PB: I see a real difference in the way the words in the definitions sit on or in the canvas and the way the phrases in Hot Air Sincerely do. When I look at the definitions, Joseph Kosuth comes to mind initially while the smaller panels bring Jenny Holzer to mind. The definitions look somehow fragile as the words are disintegrating. The typeface is exactly the same in both series, but the definitions seem harder to read. The text is dense. The words seem to get swallowed up by the grain of the canvas, in the weft of the fabric. The small panels of Hot Air Sincerely are different. Each and every one of them is so poetic. Each entices the viewer to want to read the next. It is the same with the book where they are reproduced. One can enter the book at any point and read the page, and go forward or backward. Either way it works. Each page and each panel is a lovely little, oddly familiar Haiku.
JE: They feel different in the making or stitching as well.
PB: How did the text itself come about for each of the series?
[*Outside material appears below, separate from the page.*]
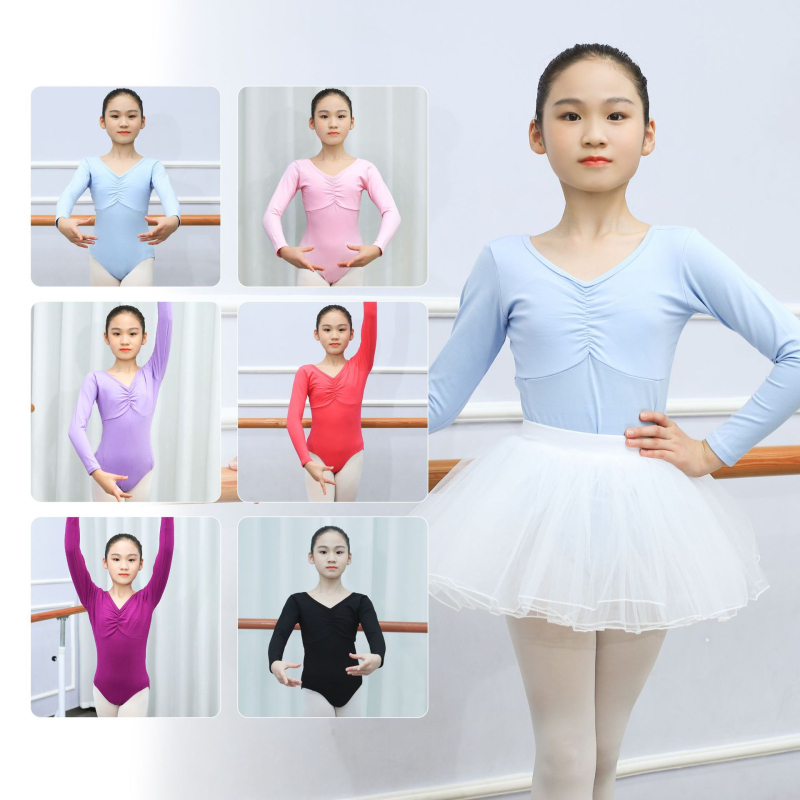 Gyerek balett egyrészes öltözet edzésre és vizsgákra, hosszú ujjú, 93% pamut, lágy felület, 8 évesnél idősebb lányoknak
JE: Well, I appropriated the text of the definitions verbatim from the OED, so they are less written by me than performed in the stitching. But I actively wrote the text for the panels. Though they are installed in three rows, there is a linear through line and if you read the piece or the book in order you will experience that line of thought.
PB: These short phrases feel like found or appropriated texts, but you say you wrote the piece and the panels have an order? Each phrase seems so perfect and self-contained.
JE: Writing it came about through a long process of culling, listening, reading, editing, arranging, and thinking up new stuff. A lot of the text in Hot Air Sincerely is found. There are song lyrics and common cliches, phrases taken from books or things I overheard. And some of it I made up as connective tissue between these other elements. Once I figured out what the argument was I started seeing the world through the project and everything I came across suddenly had potential. I started finding phrases and ideas as I read-bits of text and words that worked.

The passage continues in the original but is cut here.